La seconda parte del primo motivo ed il secondo motivo concernono la tesi, condivisa dal giudice di primo grado, per cui il rapporto di lavoro si sarebbe instaurato non con la società ma con un falsus procurator. Se ne trae la conclusione che la Corte d’Appello, nel giudicare diversamente dal tribunale di Tempio Pausania, avrebbe violato gli artt. 1398 e 1399 c.c.. Anche questa impugnazione è priva di fondamento. La Corte spiega puntualmente perchè il rapporto sia imputabile alla società. Le ragioni esposte sono molteplici, univoche e convergenti: l’ A. ha utilizzato mezzi aziendali; era presente nel cantiere della società, dove gli venivano affidati i camion, il materiale da consegnare e la documentazione da far firmare; C.M. (indicato come falsus procurator) è nipote dell’amministratore unico della società ed è dipendente della medesima: è la persona che firmò la dichiarazione con la quale veniva liquidata la prestazione all’ A. e gli venivano restituiti i documenti di lavoro.

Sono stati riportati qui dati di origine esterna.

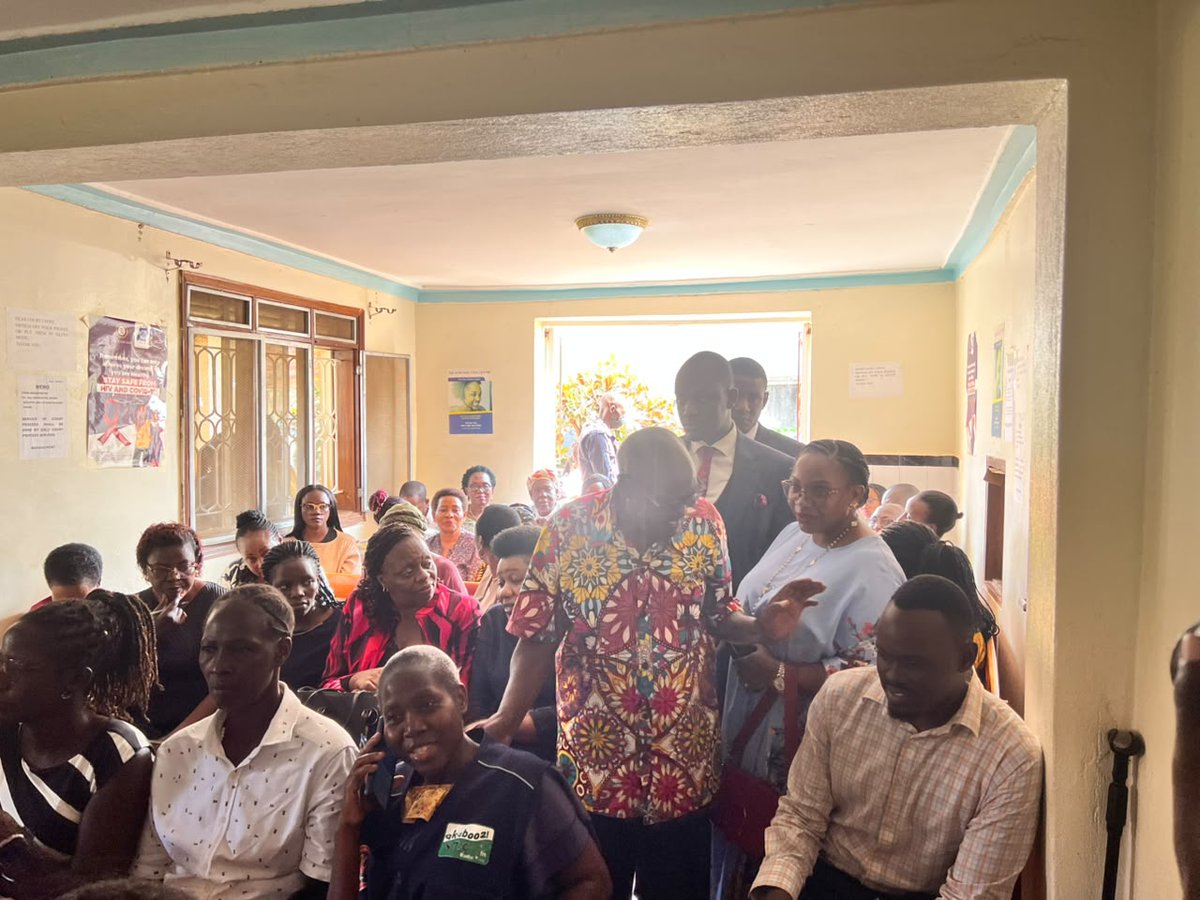 flaviakalule's tweet photo. In Court for the bail hearing of @miriamatembe. Courage to speak truth to power should be celebrated, not criminalized. We shall not be silenced. #IStandWithMatembe #IAmEveryWoman #Girl4rmButeeka https://t.co/2kT4dao6cl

Inoltre, egli fu il rappresentante della società in sede di ufficio del lavoro per il tentativo di conciliazione della controversia.

La Corte, infine, da atto che nel costituirsi la società non formulò alcuna eccezione sul punto e la tesi de falsus procurator venne proposta solo a seguito delle dichiarazioni dello stesso C.M. in sede di prova testimoniale.

Non può pertanto dirsi che la decisione di secondo grado abbia violato gli artt. 1398 e 1399 c.c., perchè si deve concordare con la Corte di merito nel ritenere che il C. non fosse un rappresentante senza potere o che comunque la società con il suo comportamento non ne abbia ratificato l’operato.

Il ricorso pertanto deve essere respinto con le necessarie conseguenze in ordine alle spese.

P.Q.M.

La Corte rigetta il ricorso e condanna la srl ricorrente alla rifusione delle spese del giudizio di legittimità in favore dell’ A., liquidandole in 11,00 Euro, nonchè 3.000,00 Euro per onorari, oltre IVA, CPA e spese generali.

Così deciso in Roma, nella Camera di consiglio, il 11 novembre 2009.